Biak di Teater Perang Pasifik

“Satu-satunya yang saya ketahui dari Biak adalah ini sebuah pulau satu derajat di sebelah selatan garis khatulistiwa, salah satu di kelompok Kepulauan Schouten di sisi utara Teluk Geelvink sebelah barat Nugini,” tulis Kolonel Harold Riegelman di dalam pengakuannya pada bulan Juni 1944. Barangkali sang kolonel tidak pernah menduga bahwa Pulau Biak akan menjadi saka guru dari kampanye Amerika Serikat mendominasi teater Perang Pasifik.

Tiga minggu sudah armada Amerika Serikat menggempur pertahanan Jepang di tanah ini. Para serdadu bertanya-tanya mengapa pulau kecil dengan hutan, rawa-rawa, dan tebing yang tidak bersahabat ini harus menjadi medan laga yang berdarah-darah. Namun Jenderal Douglas MacArthur memiliki pandangan lain, penguasaan atas Pulau Biak menempatkan armada Amerika Serikat sejauh 1.500 kilometer dari Filipina, sebuah jarak yang memungkinkan penggempuran udara.

Singkat cerita, mau tidak mau, Biak harus direbut dari tangan Jepang.

Pertempuran berdarah di Biak sedikit banyak adalah akibat kekeliruan intelijen. Informasi yang beredar memperkirakan bahwa terdapat 4.000 tentara Jepang di pulau ini, yang mana Amerika Serikat mengirimkan 12.000 tentaranya untuk melakukan gempuran dari sisi timur dan merangsek ke barat.
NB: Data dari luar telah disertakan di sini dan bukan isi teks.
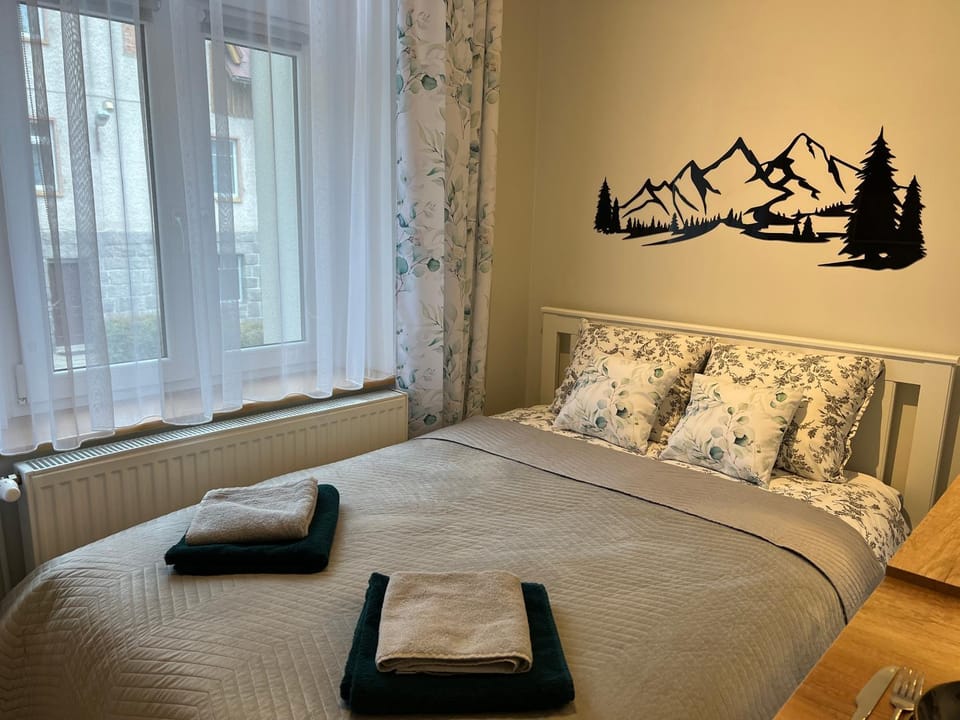 Górski Mikroapartament Apartment in Lower Silesian Voivodeship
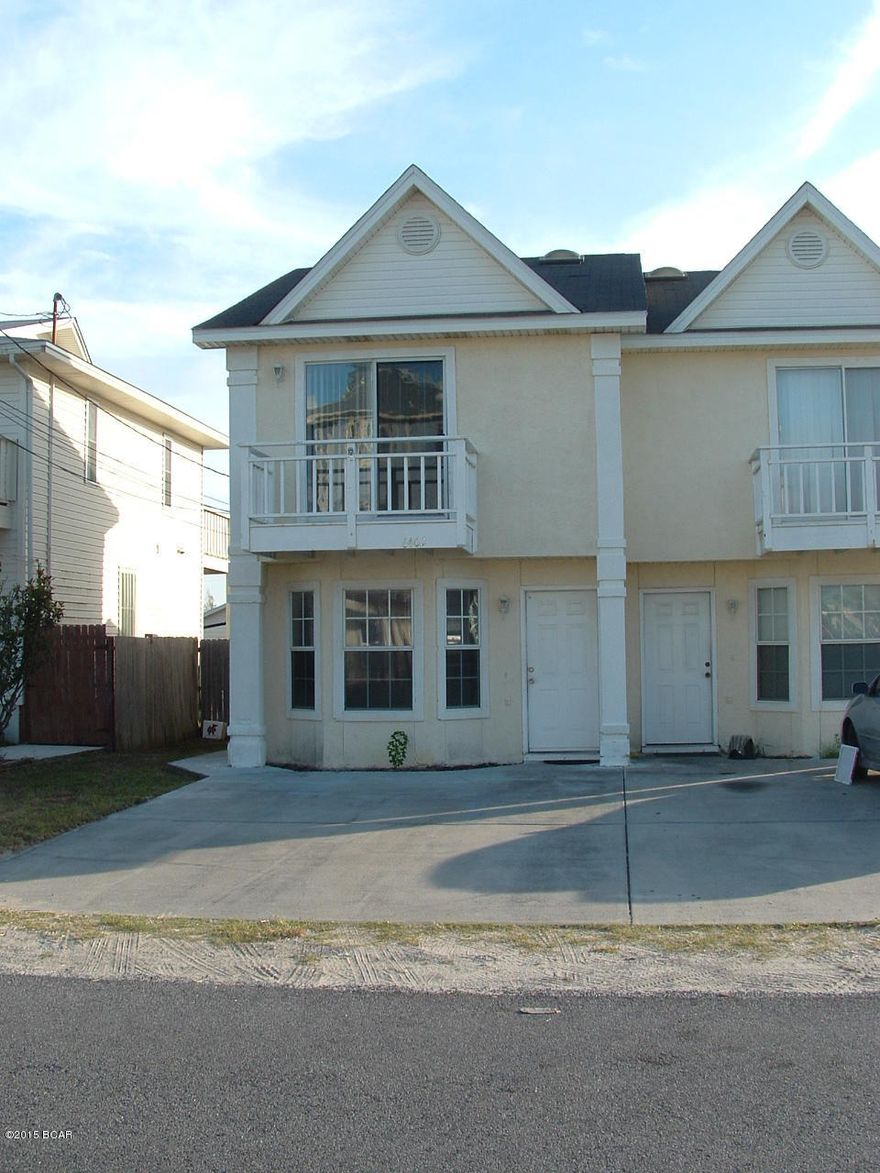 Beautiful 2 bedroom, 2 1/2 bath townhome walking distance to the beach!!! Appointment Only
Namun perhitungan tersebut keliru. Terdapat setidaknya 11.400 tentara Jepang yang bermarkas di Pulau Biak.

Dua kekuatan yang secara jumlah nyaris seimbang itulah yang membuat Perang Pasifik di Pulau Biak menjadi horor Perang Dunia II. Bom-bom dijatuhkan oleh armada udara Amerika Serikat di gua-gua pertahanan Jepang dibalas dengan serangan artileri dan senapan mesin dari sebalik hutan-hutan lebat. Pertempuran pun tidak terelakkan.

Pertempuran juga diwarnai oleh duel tank lawan tank. Tank Type-95 Ha-Go berhadapan langsung dengan tank M4 Sherman yang berakhir dengan keunggulan di kubu Amerika Serikat.

Sepanjang ambang Pulau Biak adalah panggung teater Perang Pasifik. Sisa-sisa pertempuran tujuh puluh tahun silam masih berceceran nyaris di seantero pesisir selatan Pulau Biak, mulai dari sisa mortar, selongsong peluru, hingga rongsokan kendaraan tempur. Sementara itu gua-gua Jepang masih menyimpan ribuan tengkorak prajurit yang menjadi korban perang.

Saya menghela napas panjang. Berjalan kaki menyusuri jalan setapak yang diteduhi pepohonan rimbun dengan dua lubang sebesar lapangan basket menganga di tanah membawa imajinasi saya kembali ke masa-masa Perang Dunia II. Sayup-sayup derap langkah para prajurit Jepang terdengar di kejauhan.